▶ EXERCISE: Using the listing below, please print exactly the lines from the one with "Bichon Frisé Dog" through the one with "Women Silk Robe". Leave out every picture.

▶ DATA LISTING:
★ ★ ★ ★
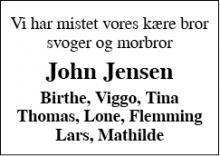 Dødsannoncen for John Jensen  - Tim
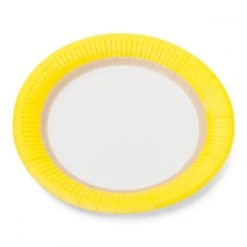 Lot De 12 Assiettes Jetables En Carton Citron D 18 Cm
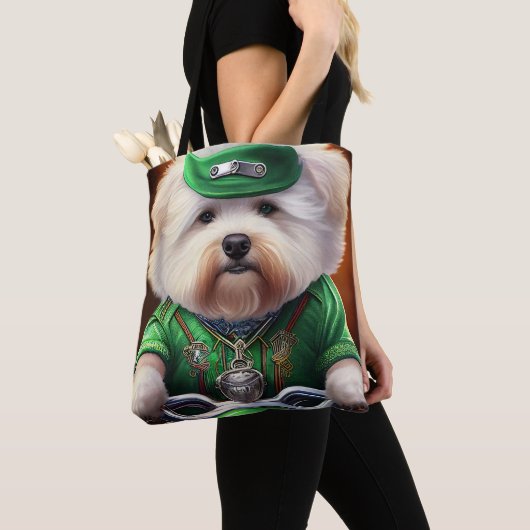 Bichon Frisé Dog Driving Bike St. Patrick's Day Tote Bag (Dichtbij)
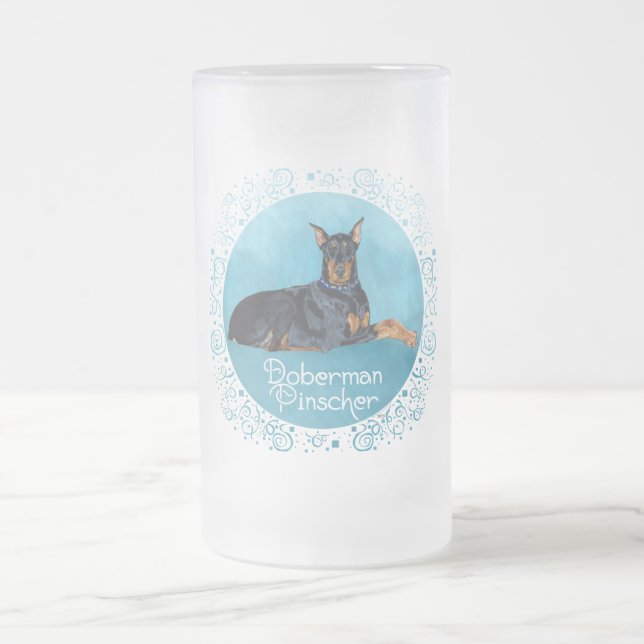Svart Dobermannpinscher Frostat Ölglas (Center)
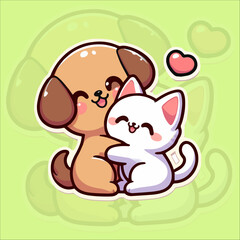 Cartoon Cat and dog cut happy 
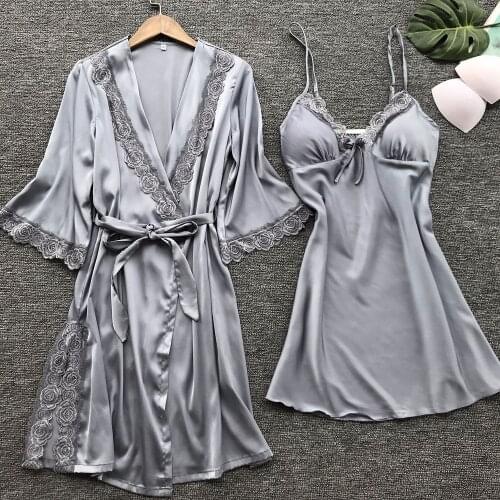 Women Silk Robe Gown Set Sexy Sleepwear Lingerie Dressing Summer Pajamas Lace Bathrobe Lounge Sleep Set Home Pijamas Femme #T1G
★ ★ ★ ★
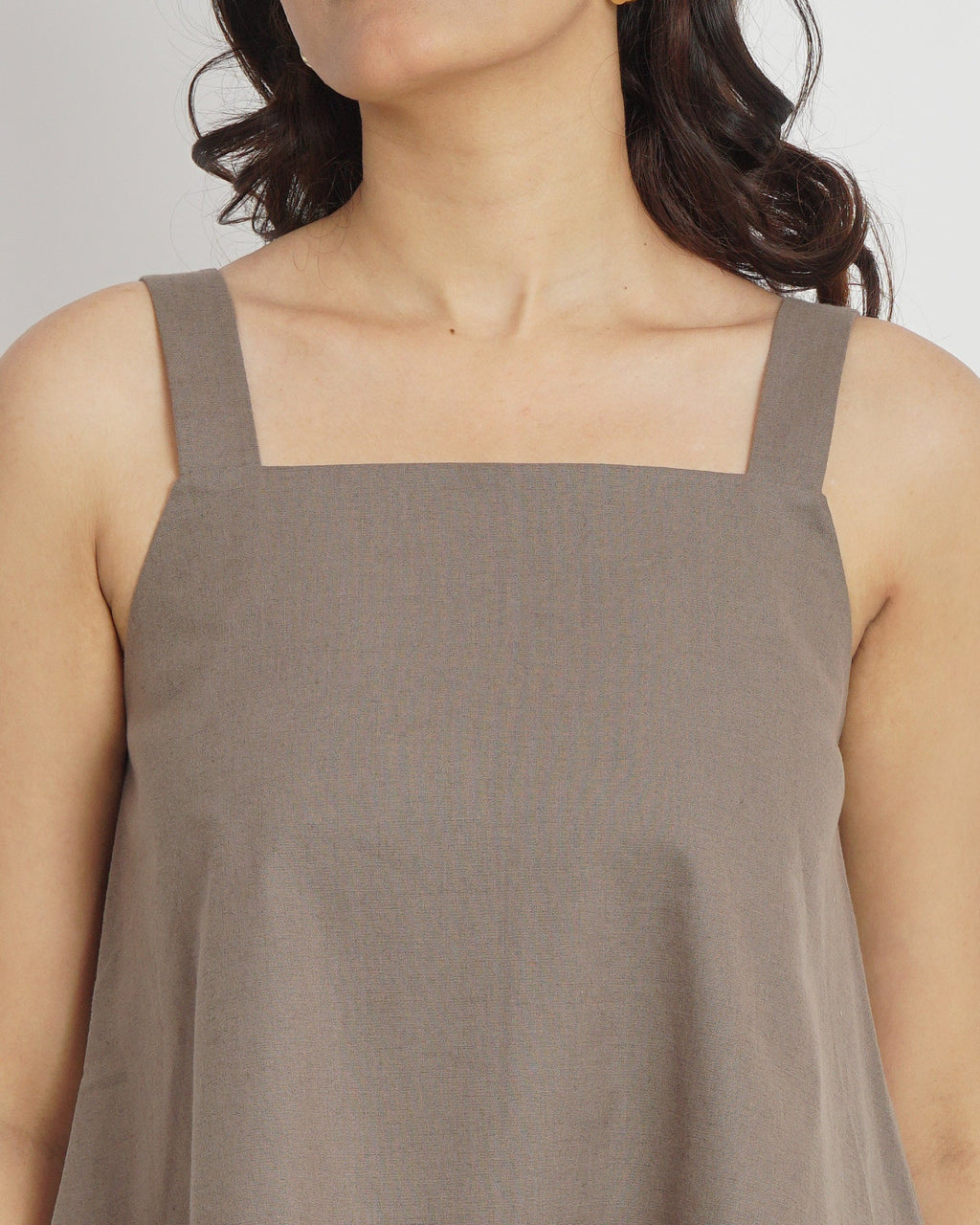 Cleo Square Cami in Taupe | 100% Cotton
★ ★ ★ ★
▶ TASK SOLUTION:
 Bichon Frisé Dog Driving Bike St. Patrick's Day Tote Bag (Dichtbij)
Svart Dobermannpinscher Frostat Ölglas (Center)
 Cartoon Cat and dog cut happy 
 Women Silk Robe Gown Set Sexy Sleepwear Lingerie Dressing Summer Pajamas Lace Bathrobe Lounge Sleep Set Home Pijamas Femme #T1G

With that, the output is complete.